From the data that follows, print exactly the lines starting at the one containing "ArtStation - Geothermal" and ending at the one containing "Haley and DeSantis"; include both of them and nothing more.

- _Task inputs_
Start of Block

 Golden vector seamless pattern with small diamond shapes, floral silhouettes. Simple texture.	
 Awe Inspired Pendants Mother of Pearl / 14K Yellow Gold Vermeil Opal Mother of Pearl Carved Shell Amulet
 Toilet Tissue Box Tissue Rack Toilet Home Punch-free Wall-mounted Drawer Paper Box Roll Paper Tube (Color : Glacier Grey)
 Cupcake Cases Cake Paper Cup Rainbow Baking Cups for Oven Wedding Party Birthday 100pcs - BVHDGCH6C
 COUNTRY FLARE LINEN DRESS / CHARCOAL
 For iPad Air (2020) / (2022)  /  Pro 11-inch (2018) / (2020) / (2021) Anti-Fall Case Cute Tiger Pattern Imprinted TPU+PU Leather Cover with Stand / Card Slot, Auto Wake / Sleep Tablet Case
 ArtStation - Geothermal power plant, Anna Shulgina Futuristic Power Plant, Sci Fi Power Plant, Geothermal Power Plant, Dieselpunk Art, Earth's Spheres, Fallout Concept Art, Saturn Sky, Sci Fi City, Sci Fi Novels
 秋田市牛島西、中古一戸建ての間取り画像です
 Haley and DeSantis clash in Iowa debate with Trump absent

End of Block
Start of Block

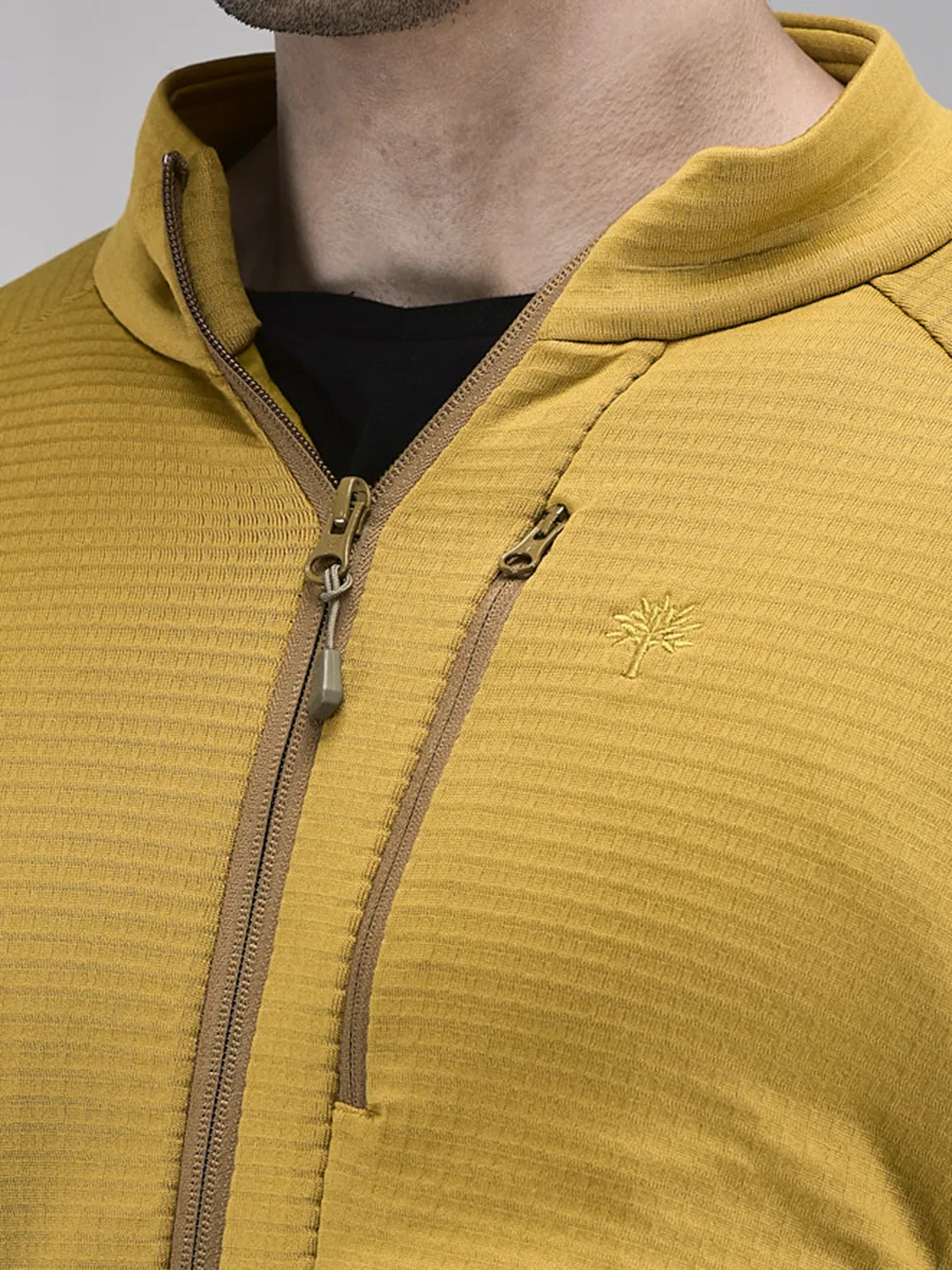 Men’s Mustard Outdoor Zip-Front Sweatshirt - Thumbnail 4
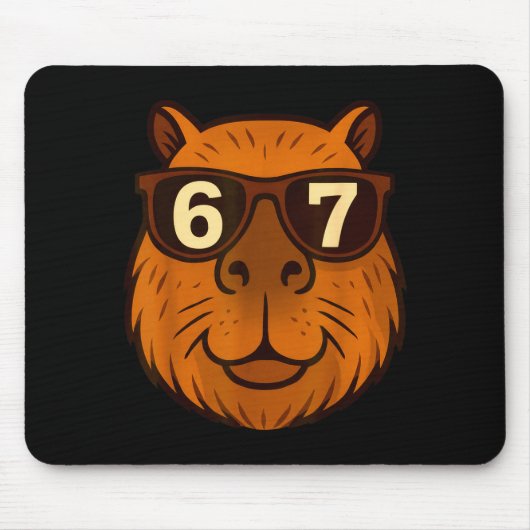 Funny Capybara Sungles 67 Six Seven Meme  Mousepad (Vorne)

End of Block
Start of Block

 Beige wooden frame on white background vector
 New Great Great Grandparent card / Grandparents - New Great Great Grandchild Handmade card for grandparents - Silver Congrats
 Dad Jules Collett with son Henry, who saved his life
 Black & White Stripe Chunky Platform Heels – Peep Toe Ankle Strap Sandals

End of Block

- _Output of the task_
 ArtStation - Geothermal power plant, Anna Shulgina Futuristic Power Plant, Sci Fi Power Plant, Geothermal Power Plant, Dieselpunk Art, Earth's Spheres, Fallout Concept Art, Saturn Sky, Sci Fi City, Sci Fi Novels
 秋田市牛島西、中古一戸建ての間取り画像です
 Haley and DeSantis clash in Iowa debate with Trump absent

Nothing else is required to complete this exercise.